La satire, au moyen âge, forme une immense littérature dans celle de ce temps-là. Elle la domine et il est nécessaire de la connaître pour savoir ce que fut réellement l’esprit de cette époque. La place nous faisant défaut, nous ne pouvons mieux faire que de renvoyer pour cette connaissance à l’ouvrage de C. Lenient : La satire en France au moyen âge. Trouvères et troubadours dénonçaient l’avidité du clergé, la sodomie qu’il pratiquait.
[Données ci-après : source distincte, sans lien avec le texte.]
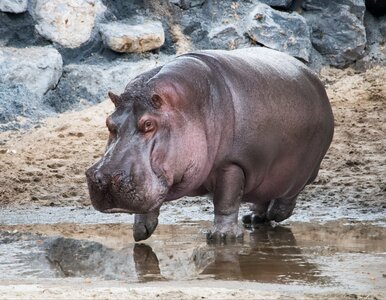 Miniatura: Brutalny atak na hipopotama w zoo. Zwierzę...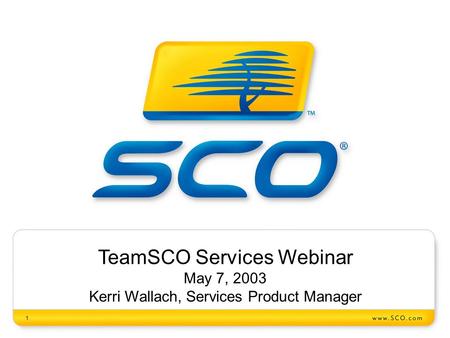 1 TeamSCO Services Webinar May 7, 2003 Kerri Wallach, Services Product Manager.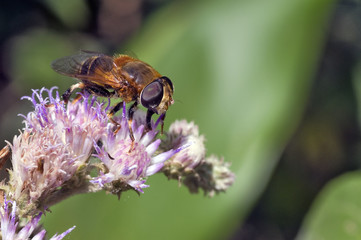 Fly on the purple flower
Jean de Vitry constatait, devant les scandales de la sodomie monacale, que celui qui entretenait publiquement une ou plusieurs concubines était un homme exemplaire. Le pape Innocent III lui-même disait de ses cardinaux, évêques et autres pieux personnages : « Ils ne connaissent d’autre Dieu que l’argent, ils ont une bourse à la place du cœur. » Dans sa Bible, Guyot de Provins s’exprimait violemment contre la fourberie, la paresse, la gloutonnerie, les débauches cléricales. Les sirventes des troubadours furent une protestation véhémente contre la Guerre des Albigeois. L’oeœuvre la plus remarquable de la satire de la société féodale et religieuse est le Roman de la Rose, dans la seconde partie dont Jean de Meung est l’auteur. Des esprits « distingués » affectent de nos jours de dédaigner cette œuvre « incompréhensible et ennuyeuse ». Avec juste raison, R. de Gourmont a observé que le Roman de la Rose connut pendant deux siècles un succès ininterrompu auprès d’un « large parti d’esprits libres, amoureux de la vie et de la beauté », et d’un « public singulièrement intelligent et délicat ». On retrouverait difficilement un tel parti et un tel public aujourd’hui. Rutebeuf, dans sa défense de l’Université contre les moines, le roi et le pape, Villon, dans ses Testaments, Olivier Basselin et ses compagnons, dans leurs chansons contre les « goddams » du temps de la Guerre de Cent ans qui venaient bousculer les tables autour desquelles ils buvaient joyeusement, firent aussi œuvre satirique.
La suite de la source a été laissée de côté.